For the next nine months, Corker will work with Assistant Dean of the College Paul J. McLoughlin II and Associate Dean of the College Judith H. Kidd to expand the range of social activities for students in a position created after Corker approached the deans last spring.
In addition, he will work directly with student groups including the Undergraduate Council’s First-Year Social Committee, Crimson Key Society and the Freshman Prefect Program as well as the athletics department and other student organizations.
“Dean Kidd and I are happy to have Zac [Corker] join us in supporting students’ social opportunities,” McLoughlin said in a statement. “Zac’s prior HoCo [House Committee] and Class Marshall work, plus his creativity, are a strong combination that will be an asset to the campus.”
When Corker returns to Cambridge this weekend after working in Washington, D.C. for the Kerry campaign, he’ll be taking up residence in Pforzheimer House.
He said that living on campus and being a recent alum will make him accessible to students.
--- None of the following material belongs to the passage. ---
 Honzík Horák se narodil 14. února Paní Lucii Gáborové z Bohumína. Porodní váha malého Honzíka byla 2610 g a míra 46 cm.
Dean of the College Benedict H. Gross ’71 also said that there are advantages to having a recent grad in this social position.
“I think having recent alums working with the College gives us a better feel for student life,” Gross wrote in an e-mail on Monday.
Corker and University officials say the new position was necessary to help students deal with the confusion surrounding College and city policies and procedures—all of which affect planning a social event.
Corker doesn’t have any specific events planned yet, but he said he has many ideas about the way the administration can help support student activities.
“There’s plenty of creativity and ideas among undergraduates,” he said. “I want to integrate social life with the college experience.”
Erin K. Sprague ’05, president of the Crimson Key Society, agreed that this new position will aid student groups in planning social events.
“I think it will do a lot to connect students to undergraduate life,” Sprague said. “I think the fact that he’s young, just graduated and still very connected to student body will help him relate very well to students.”